Looking at emissions only till 2050, CEEW analysis finds that 4.2 GtCO2-eq is avoided between 2010 and 2050, which is 64% of the total HFCs which will emitted between 2010 and 2050 if HFC consumption is not frozen. Between 2050 and 2100 however, avoided HFC emissions amount to almost 42 GtCO2-eq. Thus one can see that in terms of emissions, the decline will be seen as soon as 2026, but will have impact on all subsequent years till the end of century.

If the North American proposal is adopted instead, then Indian HFC emissions between 2010 and 2050 will be reduced by over 80%. Of course, if charge rates decline in the future, and leakages are controlled across sectors, the estimates of uncontrolled HFC emissions as well as that of avoided emissions if any amendment gets through will be could be much lower.

Putting HFC emissions in the context of carbon emissions, the soon to be released study finds that even with a higher assumption on leakage rates across sectors, HFC emissions will be less than 7% of the total carbon dioxide emissions in 2050. This is because India’s electricity is coal intensive, and even with higher penetration of renewable energy it will still be fossil intensive unless stringent decarbonisation policies are pursued. But 7% can be a significant figure in India’s broader GHG emission mitigation strategy.

The significance

In 2010, all governments agreed to do everything they could to keep average global temperature rise within two degrees Celsius. The global carbon budget to meet that target is 1,000 GtCO2-eq. If 40 GtCO2-eq emissions are avoided only from India, then the Indian amendment will definitely have a far reaching global impact in efforts towards a climate friendly global regime.

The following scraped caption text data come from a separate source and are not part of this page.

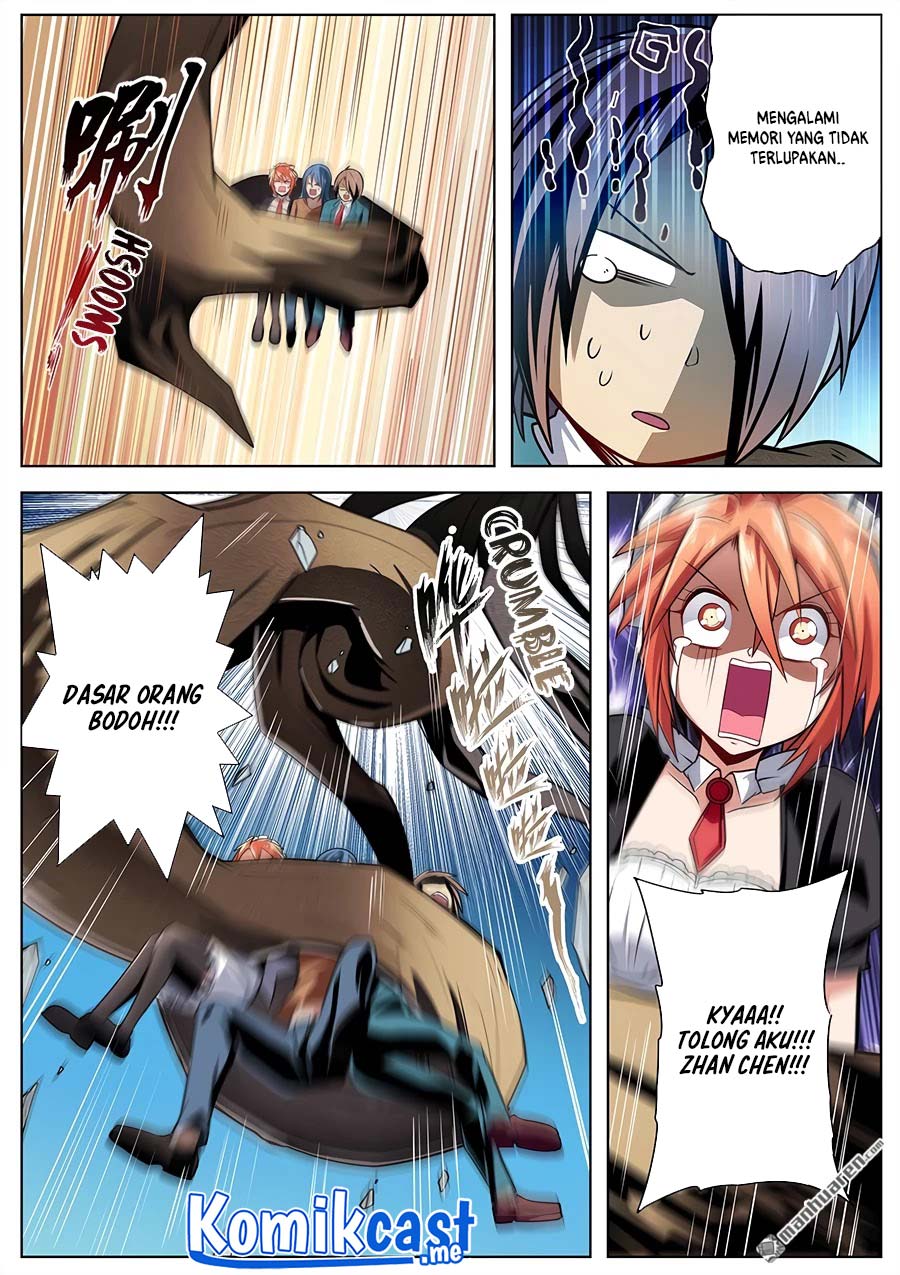Hero? I Quit A Long Time Ago Chapter 312 - halaman 11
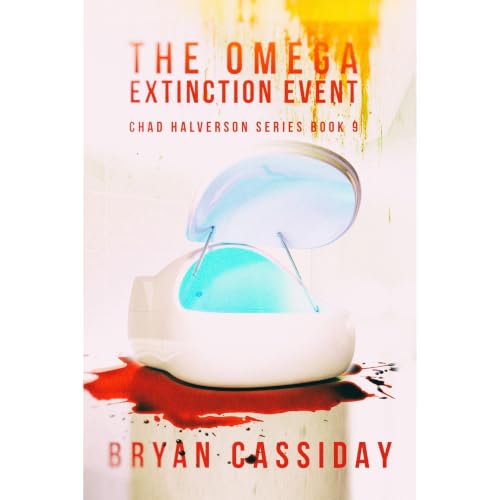 Cover of The Omega Extinction Event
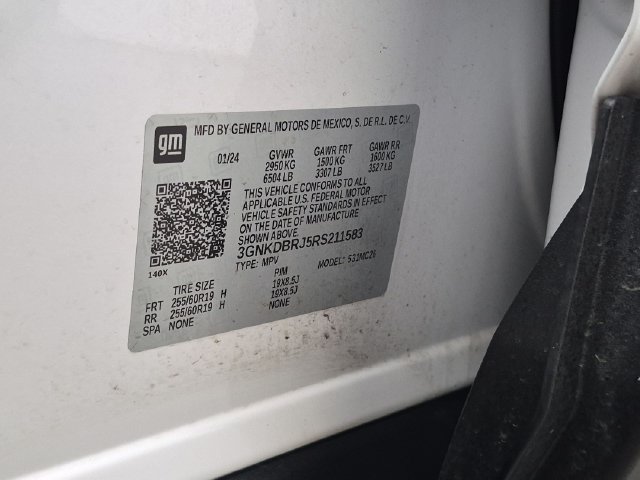 Used 2024 Chevrolet Blazer EV LT AWD/4WD image 28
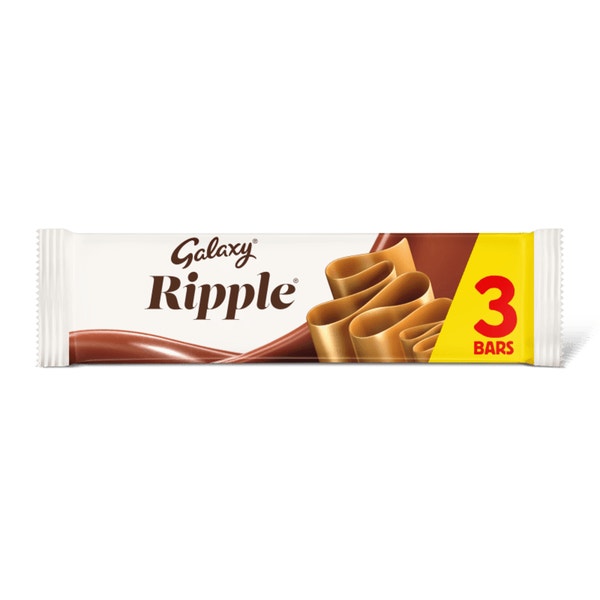 GALAXY Ripple 3-Bar Multipack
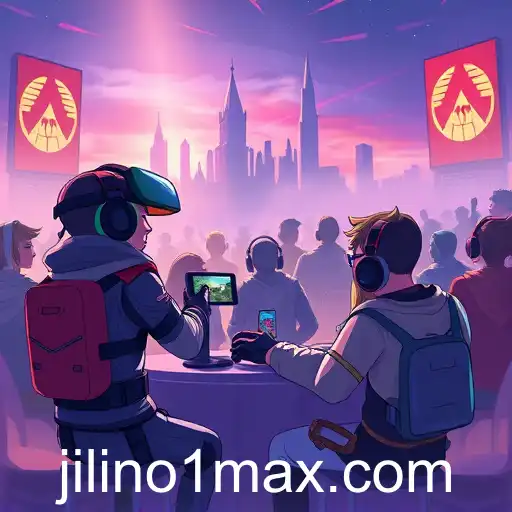 The Rise of Jilino1: A New Era in Gaming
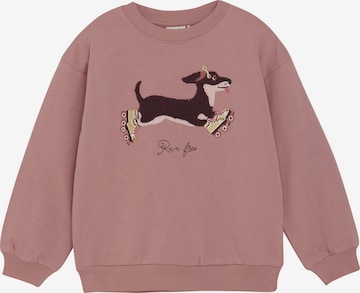 MINYMO Pullover in Pink: Vorderseite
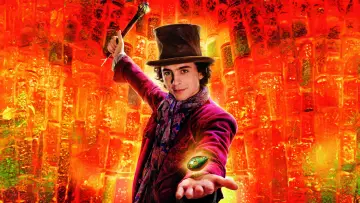 Zasłona do filmu "Wonka" #609305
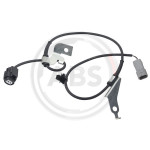 A.B.S. Sensor, Raddrehzahl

The challenges of course are issues related to safety, intellectual property and cost. The first two are technical issues, while the third needs thorough economic assessment so as to understand what cost will be borne by the Indian industry for the proposed transition.

Though there are broad level cost estimates by the UN’s Technology and Economic Assessment Panel, country specific research and estimates are required, which will give higher confidence to the industry as well as government representatives. The Indian proposal states that developing countries should get the ‘full’ cost of conversion away from HFCs, not just the ‘incremental’ cost.

It is yet to be seen which amendment will be accepted, but it should be very clear that this decision will depend on timelines of the effort and cost of transition. The Indian government has made a positive move on the HFC front, and the global climate community hopes that this commitment is reflected at the climate summit in Paris later this year.